Task brief: When you reproduce the entries below, keep each one exact and drop any pictures.

Data items
——————
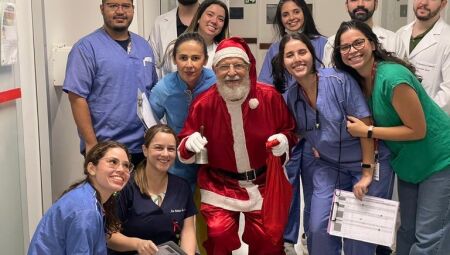 Ary Correa Barbosa fez sua estreia como o 'Bom Velhinho'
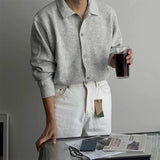 Riolio  New Korean Luxury Men Cardigan Trendy Textured Long Sleeve Buttoned Korean Leisure Sweater Coats Premium Quality Knitwear M-3XL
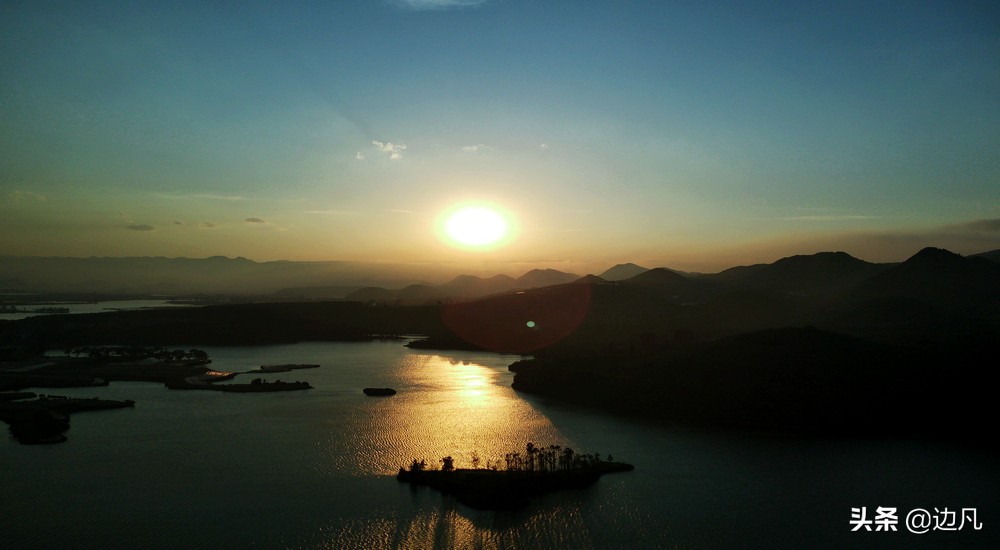 邂逅最美山水田园,春游邂逅一场完美的日落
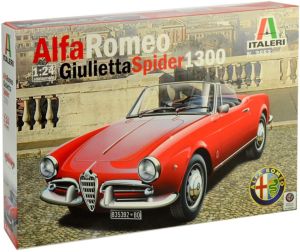 ITA3653 - ALFA ROMEO Giulietta Spider 1300 model to assemble and paint paint and glue not included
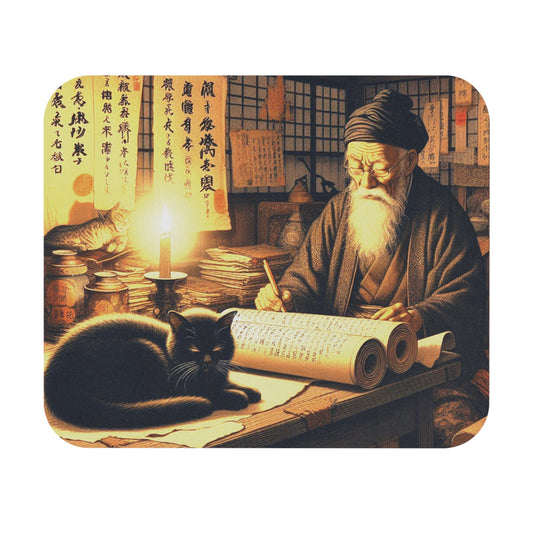 Kyoto Cat Mouse Pad - Wisdom/Persevere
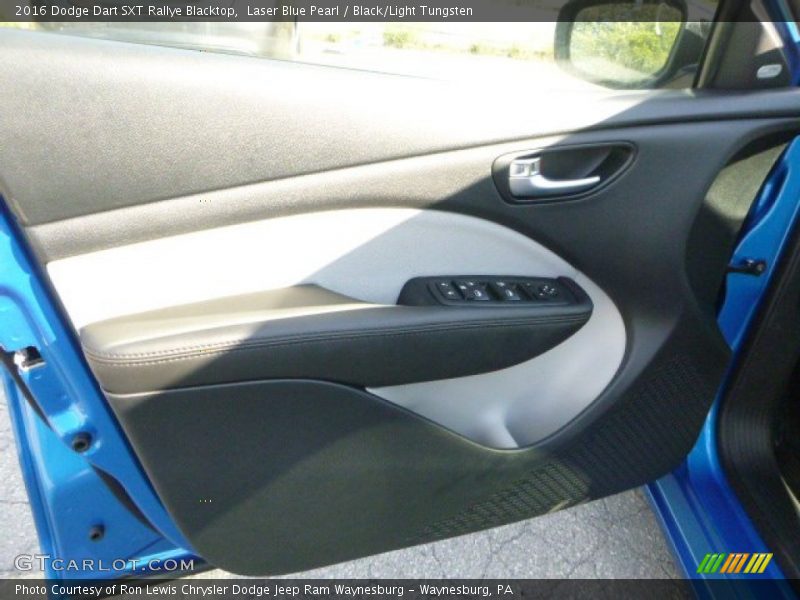 Laser Blue Pearl / Black/Light Tungsten 2016 Dodge Dart SXT Rallye Blacktop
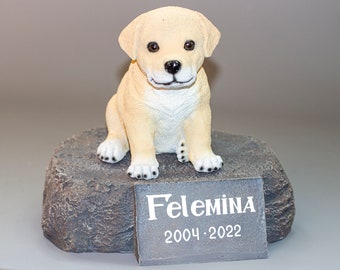 Labrador Urn *Dog Memorial Tombstone Marker *Cremation Statue Pet Ashes *Unique Funeral Casket *Grave Ornament *Animal Loss Remembrance Gift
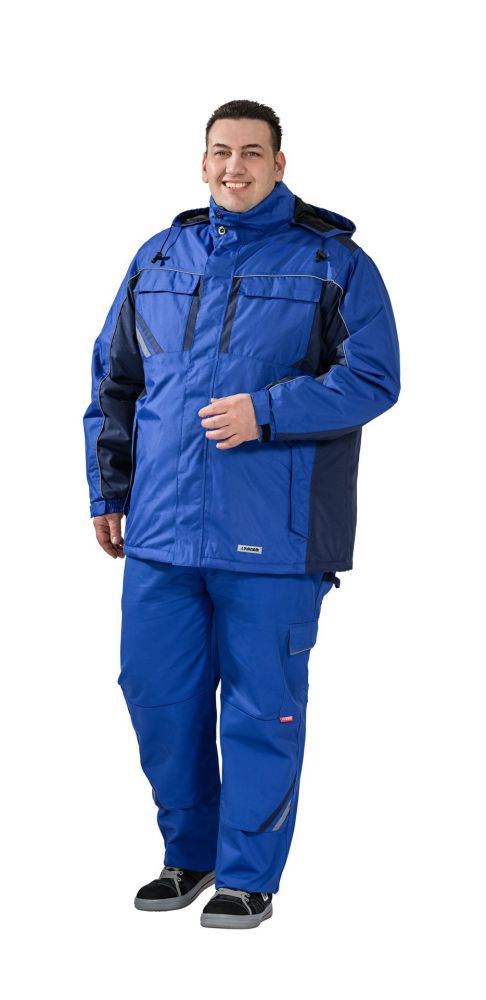 Produktbild Planam Highline Winterjacke kornblau marine XS bild 3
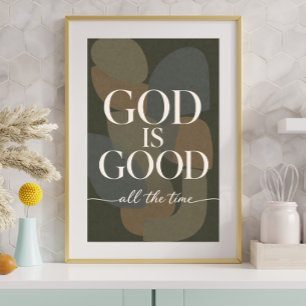 Poster DIEU EST BON Chrétien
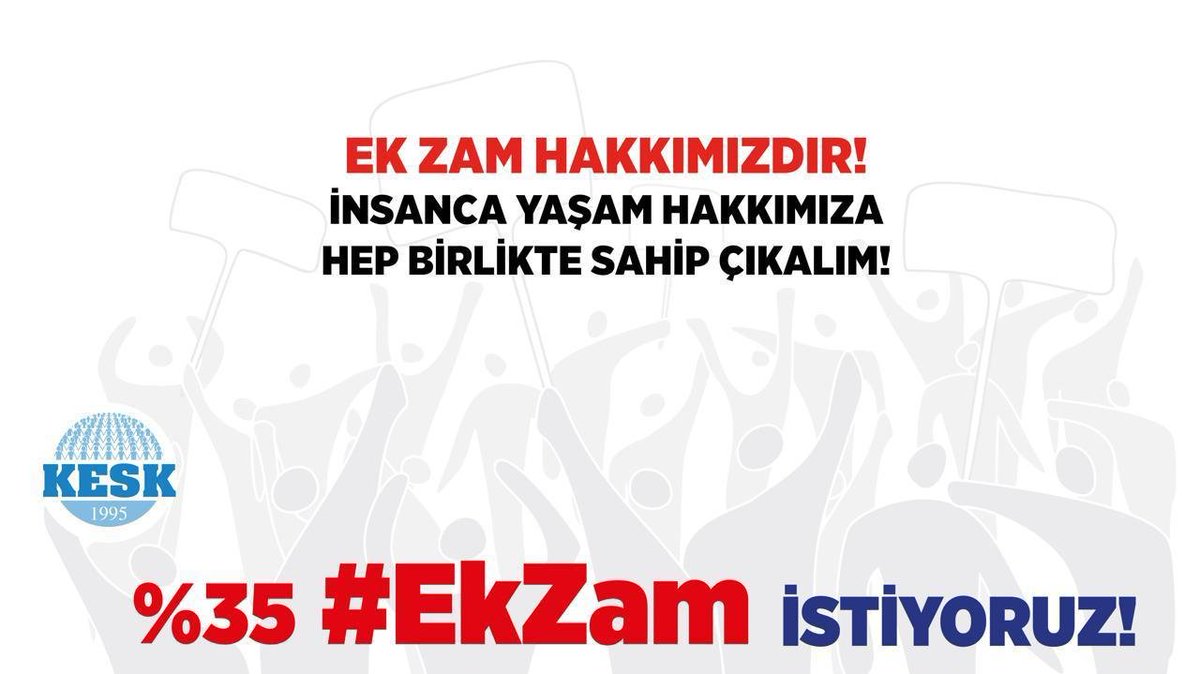 savran_birdal's tweet photo. KESK’liler olarak bu ülkede sadece kamu emekçilerinin değil, asgari ücretlisinden emeklisine, kamu işçisinden özel sektör işçisine kadar tüm çalışanların insanca yaşayacak bir ücreti fazlası ile hak ettiğine yürekten inanıyoruz. % 35 #EkZam İstiyoruz https://t.co/7Oti0m4HAs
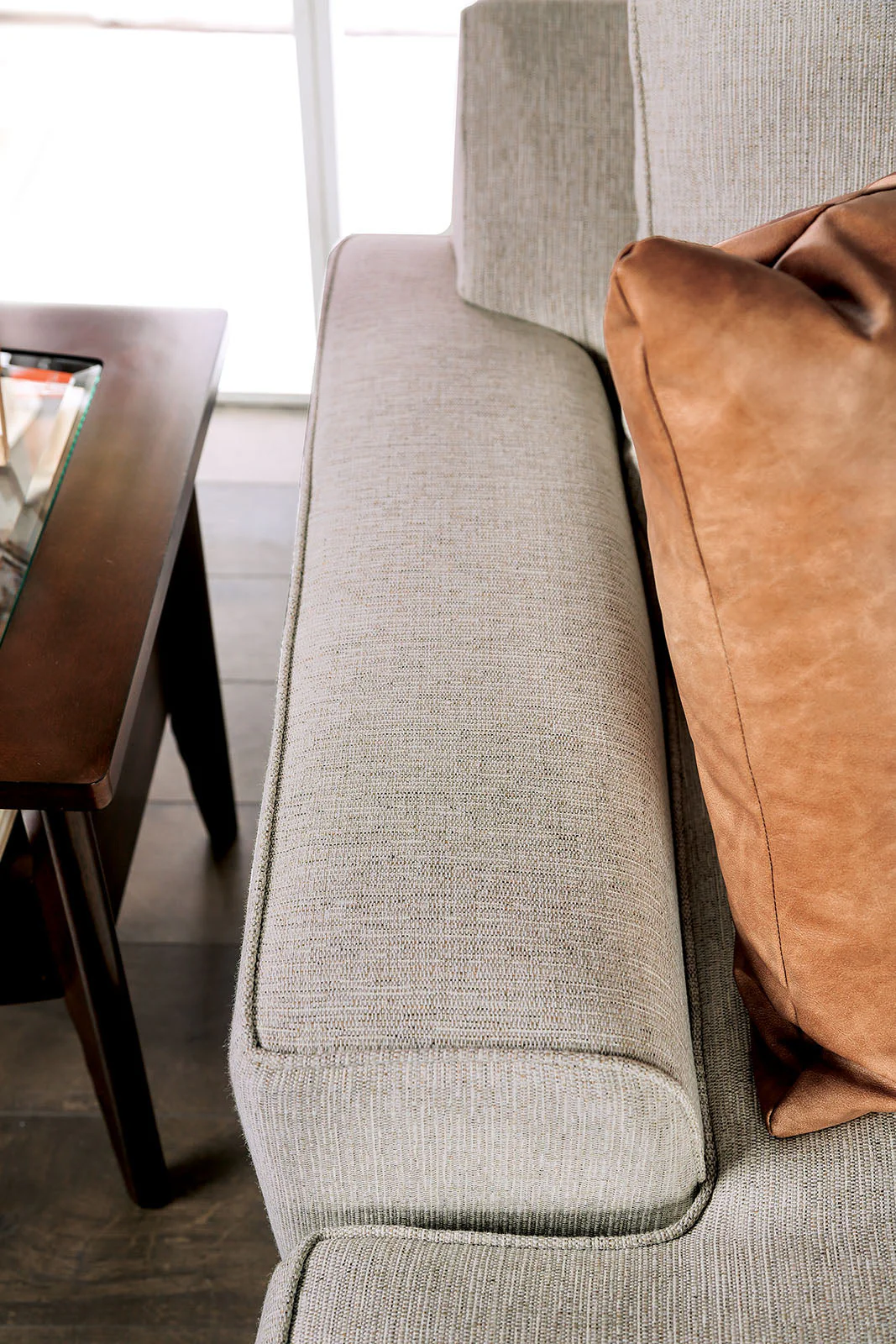 New meadows Sand/Caramel Loveseat - Image 7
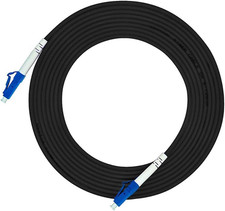 100Ft 100Feet 30M LC to LC Outdoor Armored Simplex 9/125 SM Fiber Optic Cable Ju picture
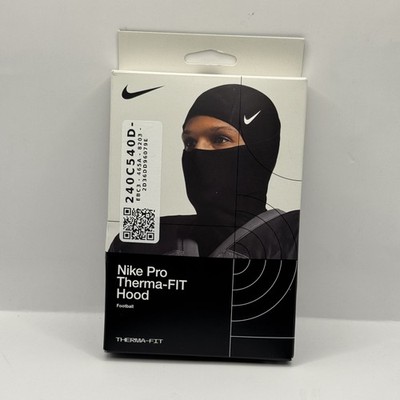 Nike Pro Therma Fit Hyperwarm Hood Balaclava Ski Mask Black White New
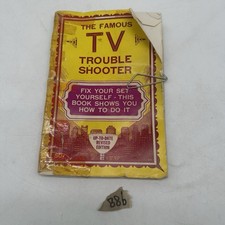 Vintage 1956 TV Trouble Shooter Guide Booklet John Gardner Authentic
——————
Solved problem:
 Ary Correa Barbosa fez sua estreia como o 'Bom Velhinho'
 Riolio  New Korean Luxury Men Cardigan Trendy Textured Long Sleeve Buttoned Korean Leisure Sweater Coats Premium Quality Knitwear M-3XL
 邂逅最美山水田园,春游邂逅一场完美的日落
 ITA3653 - ALFA ROMEO Giulietta Spider 1300 model to assemble and paint paint and glue not included
 Kyoto Cat Mouse Pad - Wisdom/Persevere
 Laser Blue Pearl / Black/Light Tungsten 2016 Dodge Dart SXT Rallye Blacktop
 Labrador Urn *Dog Memorial Tombstone Marker *Cremation Statue Pet Ashes *Unique Funeral Casket *Grave Ornament *Animal Loss Remembrance Gift
 Produktbild Planam Highline Winterjacke kornblau marine XS bild 3
 Poster DIEU EST BON Chrétien
 savran_birdal's tweet photo. KESK’liler olarak bu ülkede sadece kamu emekçilerinin değil, asgari ücretlisinden emeklisine, kamu işçisinden özel sektör işçisine kadar tüm çalışanların insanca yaşayacak bir ücreti fazlası ile hak ettiğine yürekten inanıyoruz. % 35 #EkZam İstiyoruz https://t.co/7Oti0m4HAs
 New meadows Sand/Caramel Loveseat - Image 7
 100Ft 100Feet 30M LC to LC Outdoor Armored Simplex 9/125 SM Fiber Optic Cable Ju picture
 Nike Pro Therma Fit Hyperwarm Hood Balaclava Ski Mask Black White New
 Vintage 1956 TV Trouble Shooter Guide Booklet John Gardner Authentic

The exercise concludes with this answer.